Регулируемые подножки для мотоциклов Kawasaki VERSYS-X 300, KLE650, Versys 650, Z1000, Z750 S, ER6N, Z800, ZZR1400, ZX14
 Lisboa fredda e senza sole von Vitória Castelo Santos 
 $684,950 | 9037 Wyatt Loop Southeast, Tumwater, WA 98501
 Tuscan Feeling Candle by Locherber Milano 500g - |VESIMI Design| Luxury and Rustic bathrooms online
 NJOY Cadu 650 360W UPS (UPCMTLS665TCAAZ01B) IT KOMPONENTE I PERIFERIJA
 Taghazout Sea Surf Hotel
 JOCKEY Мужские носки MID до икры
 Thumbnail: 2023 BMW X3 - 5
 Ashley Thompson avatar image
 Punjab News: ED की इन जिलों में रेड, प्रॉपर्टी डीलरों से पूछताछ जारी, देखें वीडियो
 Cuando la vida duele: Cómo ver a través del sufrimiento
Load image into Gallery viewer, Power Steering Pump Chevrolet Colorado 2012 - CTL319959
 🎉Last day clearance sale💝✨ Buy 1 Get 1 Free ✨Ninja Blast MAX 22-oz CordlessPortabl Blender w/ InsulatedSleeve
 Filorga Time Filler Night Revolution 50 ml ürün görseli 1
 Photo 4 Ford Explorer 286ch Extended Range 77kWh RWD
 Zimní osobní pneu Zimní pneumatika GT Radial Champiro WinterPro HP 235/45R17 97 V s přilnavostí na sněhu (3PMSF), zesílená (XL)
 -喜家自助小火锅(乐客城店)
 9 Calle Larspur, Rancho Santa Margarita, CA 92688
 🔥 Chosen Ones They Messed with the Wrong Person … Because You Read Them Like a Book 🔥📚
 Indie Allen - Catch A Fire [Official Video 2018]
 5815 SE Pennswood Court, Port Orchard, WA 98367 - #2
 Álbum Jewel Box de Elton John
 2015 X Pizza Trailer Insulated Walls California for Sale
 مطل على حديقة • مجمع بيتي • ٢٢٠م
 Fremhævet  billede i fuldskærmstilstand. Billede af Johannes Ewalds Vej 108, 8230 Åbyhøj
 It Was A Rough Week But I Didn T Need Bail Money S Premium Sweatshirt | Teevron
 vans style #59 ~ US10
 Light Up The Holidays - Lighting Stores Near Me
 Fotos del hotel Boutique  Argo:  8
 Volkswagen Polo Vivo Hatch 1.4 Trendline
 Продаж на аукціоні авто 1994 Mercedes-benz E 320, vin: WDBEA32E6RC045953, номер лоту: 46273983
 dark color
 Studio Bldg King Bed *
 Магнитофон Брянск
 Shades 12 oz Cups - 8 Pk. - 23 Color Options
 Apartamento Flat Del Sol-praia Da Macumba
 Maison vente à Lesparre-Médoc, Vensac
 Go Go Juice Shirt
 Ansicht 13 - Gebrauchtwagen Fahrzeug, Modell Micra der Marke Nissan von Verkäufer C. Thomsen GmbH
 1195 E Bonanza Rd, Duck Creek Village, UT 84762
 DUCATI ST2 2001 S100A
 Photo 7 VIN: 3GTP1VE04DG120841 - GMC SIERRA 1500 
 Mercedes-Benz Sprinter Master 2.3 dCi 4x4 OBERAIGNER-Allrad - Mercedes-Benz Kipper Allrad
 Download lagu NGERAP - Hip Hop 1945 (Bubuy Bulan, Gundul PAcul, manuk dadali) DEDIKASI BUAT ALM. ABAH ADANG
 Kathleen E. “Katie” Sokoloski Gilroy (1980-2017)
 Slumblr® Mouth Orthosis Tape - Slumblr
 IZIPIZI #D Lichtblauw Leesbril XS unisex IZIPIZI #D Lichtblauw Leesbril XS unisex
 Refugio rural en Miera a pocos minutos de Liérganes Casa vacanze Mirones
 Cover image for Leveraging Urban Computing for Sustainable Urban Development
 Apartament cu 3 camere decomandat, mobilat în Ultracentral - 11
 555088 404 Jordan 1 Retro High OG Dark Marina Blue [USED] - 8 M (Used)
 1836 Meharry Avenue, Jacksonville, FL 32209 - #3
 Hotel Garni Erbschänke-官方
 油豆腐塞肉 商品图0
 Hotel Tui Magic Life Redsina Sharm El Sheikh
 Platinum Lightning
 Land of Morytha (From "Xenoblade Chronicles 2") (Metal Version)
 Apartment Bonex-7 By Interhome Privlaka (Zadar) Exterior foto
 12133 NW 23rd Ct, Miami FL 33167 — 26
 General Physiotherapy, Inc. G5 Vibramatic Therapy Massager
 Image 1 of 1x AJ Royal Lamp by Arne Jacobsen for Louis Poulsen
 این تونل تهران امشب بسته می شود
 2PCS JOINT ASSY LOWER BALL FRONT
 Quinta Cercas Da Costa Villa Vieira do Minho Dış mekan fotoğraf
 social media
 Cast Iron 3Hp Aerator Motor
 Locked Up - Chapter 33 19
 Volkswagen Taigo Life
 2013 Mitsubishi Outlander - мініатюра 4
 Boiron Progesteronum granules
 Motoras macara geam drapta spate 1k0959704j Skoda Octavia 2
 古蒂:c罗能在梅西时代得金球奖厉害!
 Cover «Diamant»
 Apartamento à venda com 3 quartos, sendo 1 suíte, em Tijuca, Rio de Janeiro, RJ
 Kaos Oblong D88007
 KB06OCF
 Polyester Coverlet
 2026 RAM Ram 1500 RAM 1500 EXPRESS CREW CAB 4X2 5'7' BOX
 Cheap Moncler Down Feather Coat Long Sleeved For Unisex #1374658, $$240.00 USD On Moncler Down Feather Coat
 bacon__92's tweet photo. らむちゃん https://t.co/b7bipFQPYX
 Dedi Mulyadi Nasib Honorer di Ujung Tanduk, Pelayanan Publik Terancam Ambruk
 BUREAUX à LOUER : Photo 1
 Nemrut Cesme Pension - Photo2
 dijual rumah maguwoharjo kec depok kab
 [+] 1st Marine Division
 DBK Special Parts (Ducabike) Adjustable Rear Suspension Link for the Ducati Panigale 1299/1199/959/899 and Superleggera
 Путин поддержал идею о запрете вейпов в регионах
━━━━━━━━━━━━━━━━
Above are the entries. Quote exactly the lines from the one bearing "Apartamento à venda" through the one bearing "[+] 1st Marine Division".

 Apartamento à venda com 3 quartos, sendo 1 suíte, em Tijuca, Rio de Janeiro, RJ
 Kaos Oblong D88007
 KB06OCF
 Polyester Coverlet
 2026 RAM Ram 1500 RAM 1500 EXPRESS CREW CAB 4X2 5'7' BOX
 Cheap Moncler Down Feather Coat Long Sleeved For Unisex #1374658, $$240.00 USD On Moncler Down Feather Coat
 bacon__92's tweet photo. らむちゃん https://t.co/b7bipFQPYX
 Dedi Mulyadi Nasib Honorer di Ujung Tanduk, Pelayanan Publik Terancam Ambruk
 BUREAUX à LOUER : Photo 1
 Nemrut Cesme Pension - Photo2
 dijual rumah maguwoharjo kec depok kab
 [+] 1st Marine Division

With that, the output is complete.